It's pretty much a rule that the action is minimized with respect to almost all directions – and there are only a finite number of exceptions: most typically, at most one exception exists. So the action is either a complete local minimum or a saddle point that is "almost universally a minimum" with one exception i.e. one direction with respect to which the action is a maximum.
Local minima vs global minima
Another issue is the question whether the action must be at a global minimum or whether local minima are enough (if many of them exist, and this may happen, indeed). The equations of motion of course only depended on the stationarity of the action which defines a local minimum or a local maximum (first derivatives must vanish: this condition knows nothing about the other potential distant minima). However, in quantum mechanics, we may see that the vicinities of all the histories that are local minima do contribute to the path integral significantly: the constructive interference works for all local minima.

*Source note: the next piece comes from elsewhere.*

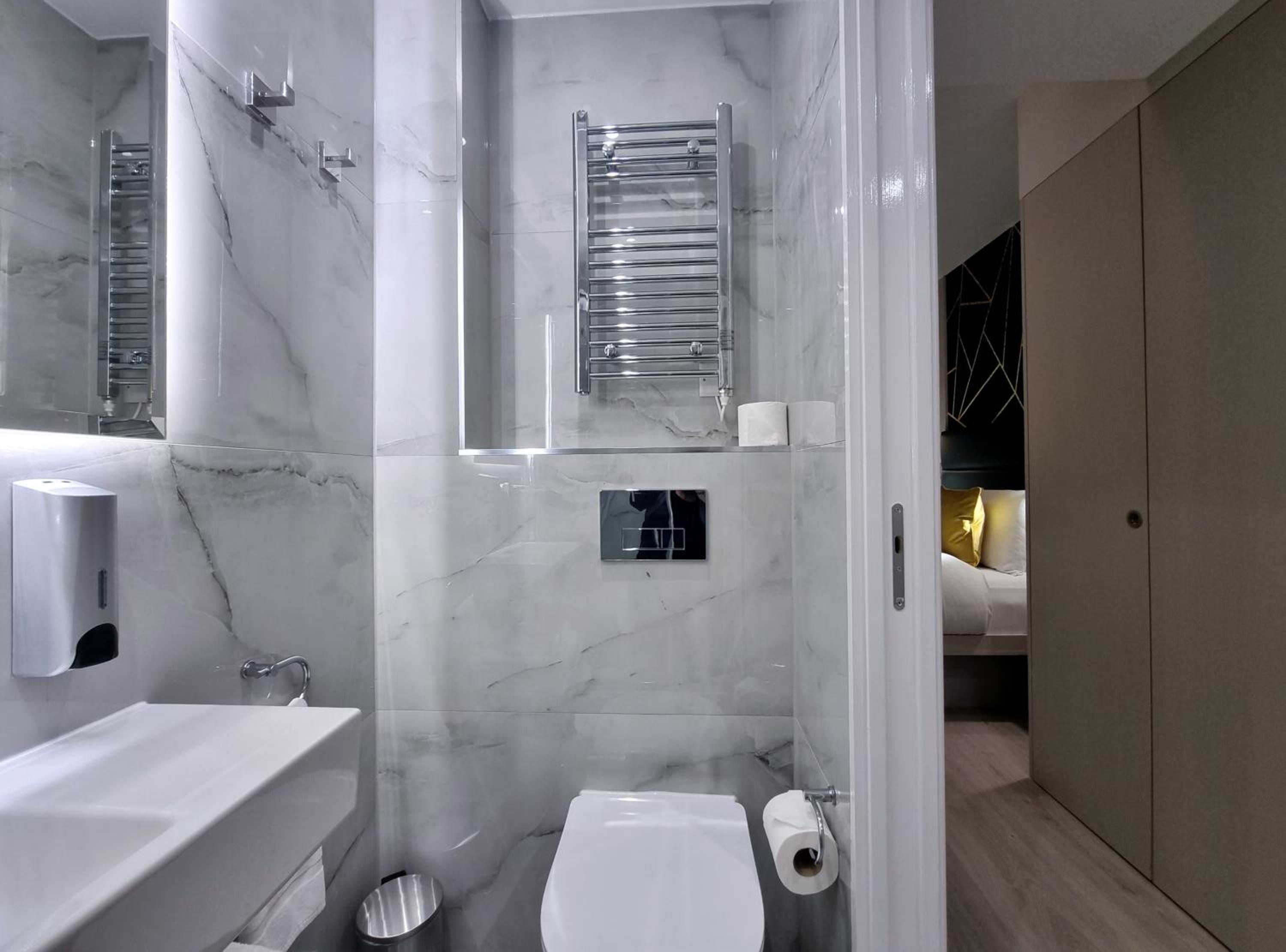 Signature Jacuzzi Suite photo 3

However, if the global minimum contributes a nonzero term to your amplitude, it's pretty much the rule that its contribution exceeds the contribution of other local minima that are not a global minimum.
Nevertheless, as we discussed in the article about cosmic catastrophes, there are important situations (especially quantum tunneling and vacuum decay) in which the global minimum of the action contributes nothing to an interesting process (because this process is topologically nontrivial while the global minimum is topologically trivial; or because this process violates an accidental conservation law that is respected by the global-minimum-based amplitudes). In that case, one may find a kink or an instanton or whatever that shows that the probability of some previously forbidden processes (quantum tunneling, vacuum decay) is nonzero.

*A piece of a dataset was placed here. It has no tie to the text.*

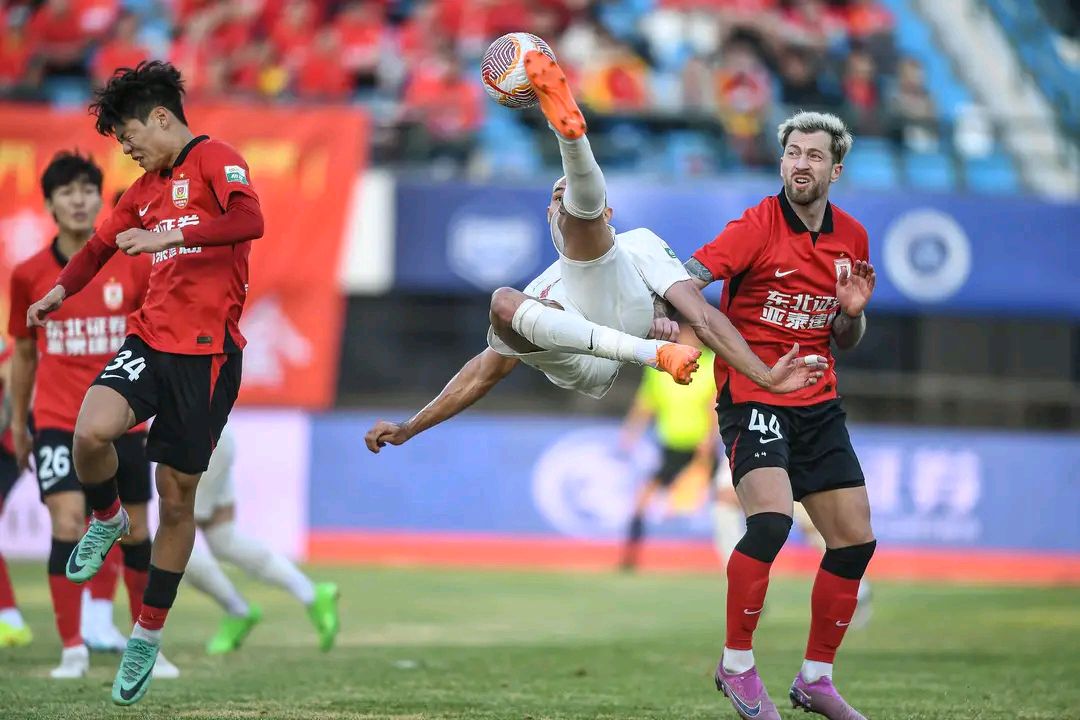 弗拉门戈主场取得大胜，取得追平积分的简单介绍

You may also combine instantons with the insight that the action may also be maximized and not just minimized with respect to one direction in the space of possible variations: such generalizations of instantons are known as sphalerons.
Conclusion
The action, i.e. the integral of the Lagrangian, became the most beautiful object that encodes everything we know about the dynamics of any classical system and any quantum system with a natural classical limit. It makes the symmetries and locality manifest; however, as I didn't discuss, the unitarity (and the positivity of probabilities) may often be obscured by the Lagrangian approach while it is made manifest by the operator approach.
Classically, the defining property of the action is the principle of least (or stationary) action: the histories that a given system actually chooses minimize (or extremize) the action. A reason why such a description of classical systems in Nature is possible is the quantum generalization of the Lagrangian formalism: Feynman's path integral.
In any quantum mechanical systems with well-defined classical-like histories, linearity guarantees that the transition amplitudes must be expressible as the integral over all trajectories. The integrand has to be a pure phase, because of the unitarity (equivalent to the reality of the Hamiltonian), and the exponent giving the phase is called the action. A trivial derivation of the classical limit shows that this action is extremized in the classical limit.
So it must be possible to describe every classical limit of a physical system observed in a quantum world – such as ours – by the equations that are equivalent to \(\delta S = 0\) for a cleverly chosen action \(S\). Once again, it's because the accurate implementation of the formula for the probability amplitudes has to be given by Feynman's integral over histories; the exponent has to be pure imaginary; and up to the \(i/\hbar\) normalization, we may call it the "action" and easily prove that it's stationary around the dominant (classically allowed) histories.
The importance of the action becomes super cereal in quantum field theory as well as almost all known descriptions of string/M-theory because almost all known descriptions of string/M-theory are based on some quantum mechanical model or quantum field theory, either one in spacetime, world volume, boundary of the spacetime, or another auxilliary spacetime-like space.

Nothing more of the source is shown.